Chambers's Journal of Popular Literature, Science, and Art, No. 682
Various
Various
Chambers's Journal of Popular Literature, Science, and Art, No. 682 / January 20, 1877
HYGEIA: A MODEL CITY OF HEALTH
A remarkable attempt has been made to bring into one focus numerous suggestions put forth, within the last few years by social improvers and sanitary reformers. These suggestions, as our readers are aware, take a very wide range. Matters relating to water-supply, drainage, disposal of refuse, lighting, ventilation, dry foundations and dry walls to houses, stoves and fireplaces, cookery and kitchen arrangements, washing and drying appliances, cleanliness of person and of garments, cleanliness of rooms and of bedding, special arrangements for unwholesome but necessary trades and employments, provision for the sick that may not be perilous to other persons, moderation in diet and regimen, avoidance of vicious indulgences – all these and many other subjects have engaged the attention of thoughtful persons in a marked degree; and it can be indisputably shewn that the annual death-rate is lowered in districts where improvements in such matters have been extensively adopted. Mr Edwin Chadwick, perhaps the chief worker in this laudable direction, is so confident in the eventual success of such endeavours, that he announces the possibility of building a city that shall have any assignable death-rate or annual mortality, from a maximum of fifty or more in a thousand to a minimum of five or less in a thousand. Dr B. W. Richardson, a physician and physiologist of eminence, has taken hold of Mr Chadwick's idea, and sketched the plan of a city that shall shew the lowest rate of mortality. No such city – we need hardly say – exists, and he has neither the time nor the means to build one; but his purpose is to shew that it can be done, whenever public opinion is ripe for it.

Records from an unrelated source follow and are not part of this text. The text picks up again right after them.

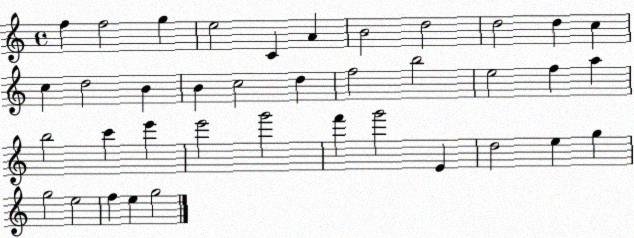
X:1
T:Untitled
M:4/4
L:1/4
K:C
f f2 g e2 C A B2 d2 d2 d c c d2 B B c2 d f2 b2 e2 f a b2 c' e' e'2 g'2 f' g'2 E d2 e g g2 e2 f e g2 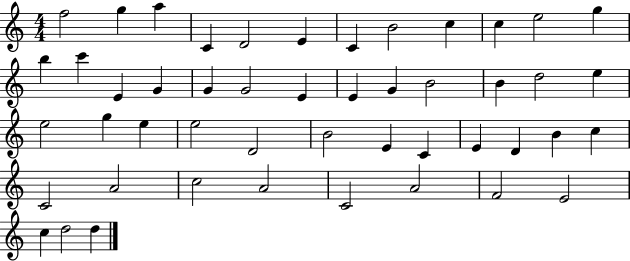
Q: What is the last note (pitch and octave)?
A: D5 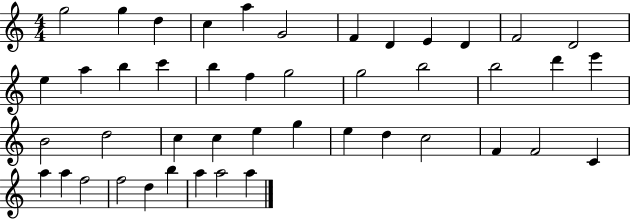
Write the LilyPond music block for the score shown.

{
  \clef treble
  \numericTimeSignature
  \time 4/4
  \key c \major
  g''2 g''4 d''4 | c''4 a''4 g'2 | f'4 d'4 e'4 d'4 | f'2 d'2 | \break e''4 a''4 b''4 c'''4 | b''4 f''4 g''2 | g''2 b''2 | b''2 d'''4 e'''4 | \break b'2 d''2 | c''4 c''4 e''4 g''4 | e''4 d''4 c''2 | f'4 f'2 c'4 | \break a''4 a''4 f''2 | f''2 d''4 b''4 | a''4 a''2 a''4 | \bar "|."
} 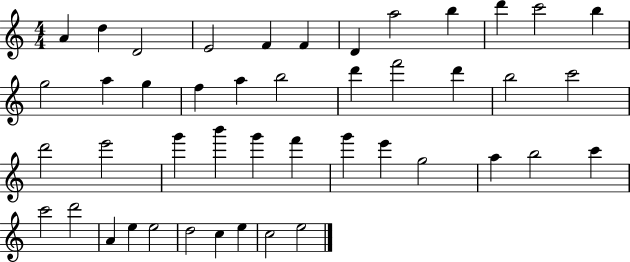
A4/q D5/q D4/h E4/h F4/q F4/q D4/q A5/h B5/q D6/q C6/h B5/q G5/h A5/q G5/q F5/q A5/q B5/h D6/q F6/h D6/q B5/h C6/h D6/h E6/h G6/q B6/q G6/q F6/q G6/q E6/q G5/h A5/q B5/h C6/q C6/h D6/h A4/q E5/q E5/h D5/h C5/q E5/q C5/h E5/h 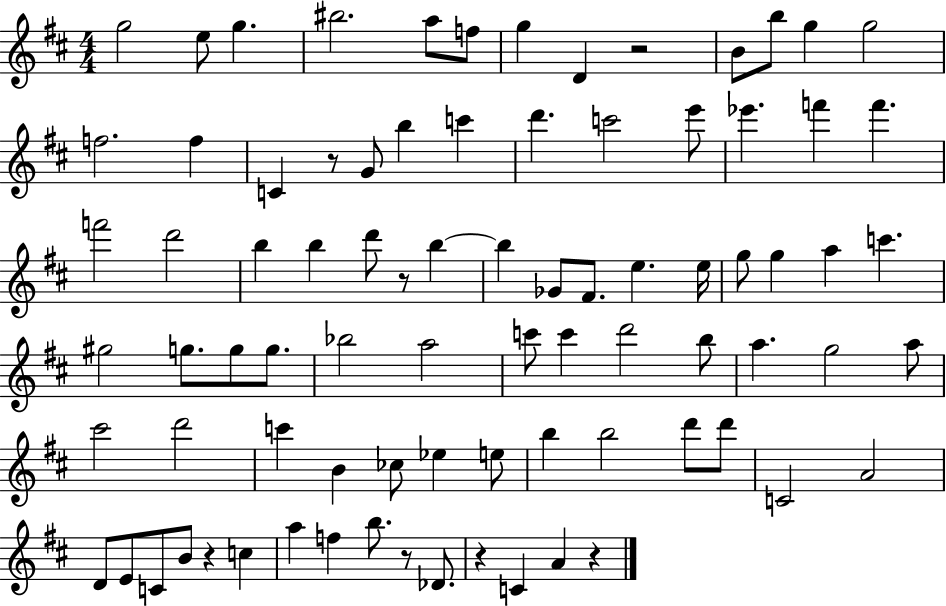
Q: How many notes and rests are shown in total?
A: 83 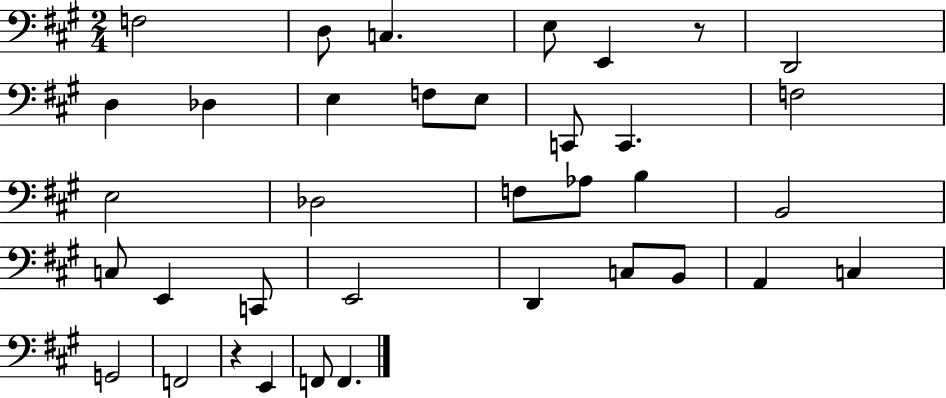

Dr Richardson, in an Address to the Social Science Association, afterwards published in a separate form, speaks of his Hygeia or City of Health in the present tense, as if it already existed. This is done for vividness of description and brevity of language, and will be understood by the reader in the proper sense.
Hygeia, then, is a city for a hundred thousand inhabitants. (The main principles could be worked out in a much smaller community, but in a less complete form.) It has twenty thousand houses on an area of four thousand acres of ground: apparently rather densely populated, but not too much so when good sanitary arrangements are adopted. There are no very lofty houses. In busy thoroughfares, where shops are required, there are three stories or floors over the shops; and some of the best streets in private or 'west-end' neighbourhoods have four stories in all; but in others the general number is three. Underground living-rooms and kitchens there are none; instead of these, every house is built upon arches of brickwork, which form channels of ingress for fresh air, and of egress for all that is required to be got rid of. Running along beneath each main street is a railway for the transport of heavy commodities. All the streets are wide enough to admit plenty of cheerful sunlight and fresh air, and rows of trees are planted between the foot-ways and carriage-ways; the carriage-ways are paved with wood set in asphalt, and the foot-ways with stone pavements ten feet wide. Tramways are not permitted, as they cut up the roadway; omnibuses above ground and railways below will suffice instead.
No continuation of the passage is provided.